SUMMARY
This article describes the deduplication data modes and their impacts.
ISSUE
Deduplication is by default set to LEVEL 1 on Trial activated UB systems and on Free edition units. Deduplication cannot be enabled on free editions.
Deduplication is set to LEVEL 3 on UBs deployed and activated with purchased activation codes that are not first activated as trials.
Based on the information below, you will need to choose and set your appropriate setting to the needed level of deduplication BEFORE you begin taking in backups.
Note: You can at any time, storage IO permitting, go up in deduplication levels, however going down in level is recommended to only be done with a re-installation of the unit.

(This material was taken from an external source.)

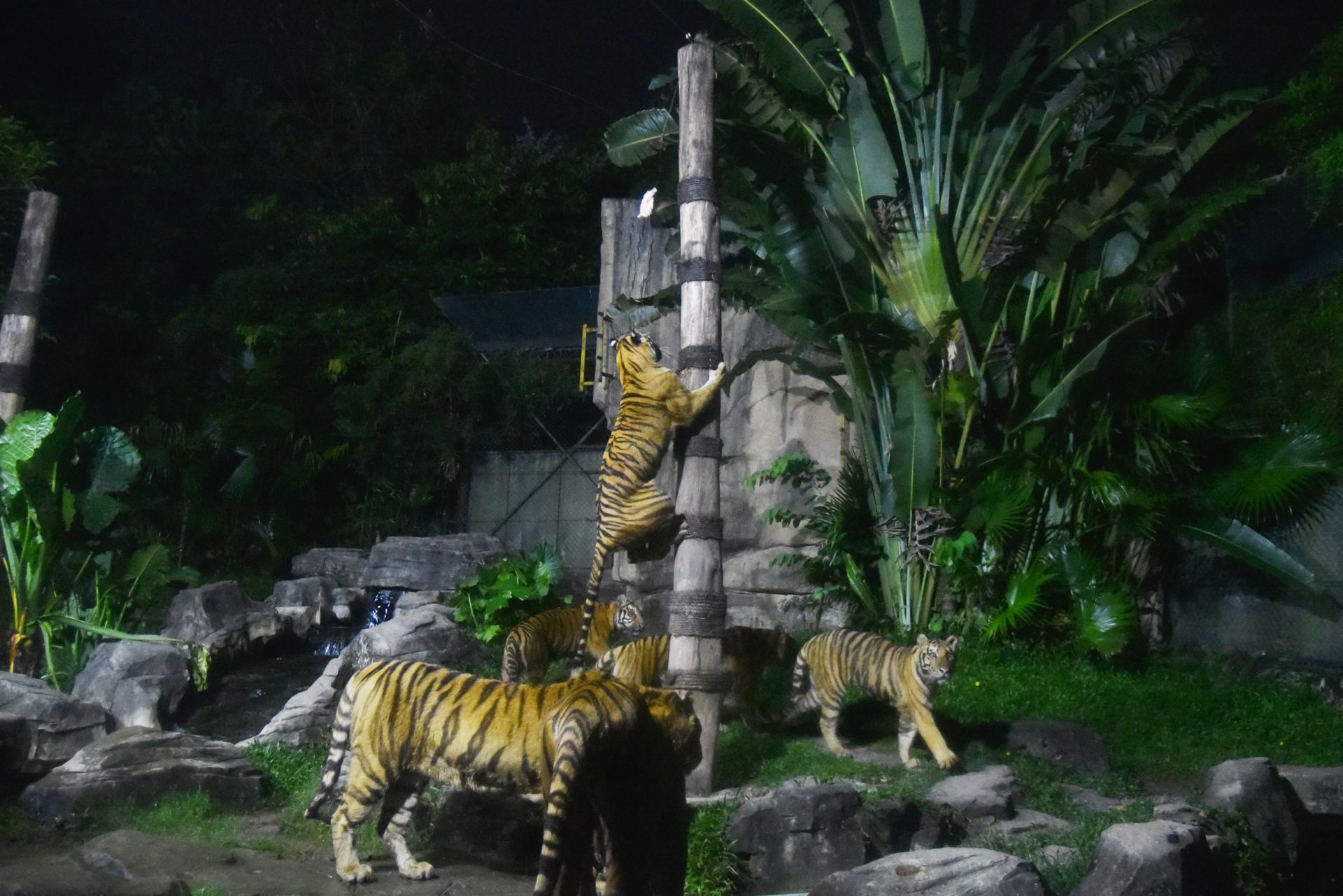 珠海长隆夜间动物园图片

This is because existing deduplicated data is not UNdeduplicated when the setting changes, yet new backups would require undeduplciated space, typically resulting in storage full conditions.
The Deduplication levels available to licensed UB Appliances are as follows:
These settings are not available to physical appliances as Unitrends has designed all Generation 6 and later hardware appliances to operate at LEVEL 3 and prior generation systems to run at Level 2. The ability to reduce the deduplication levels on physical units is still possible but requires review by Unitrends Support and is rarely required.
RESOLUTION
LEVEL 1: No Deduplication (Compression and Hashing Only)
Use Level 1 deduplication when your backup device used to store the Unitrends backups and database partition cannot sustain the IO needed for greater levels, or when only absolute minimum retention (2 full backup rotations) would be used rendering the need for deduplication negligible. This setting trades storage needs for performance, allowing customers to use slower performance storage at lower prices where long term retention in the backup device of data is not a concern. This is also the option you should use if you intend on having more than one storage device added to CONFIGURE > Storage tab. It ensures that your selection for the storage location is not compromised by deduplicated blocks that could be on any of the storage devices.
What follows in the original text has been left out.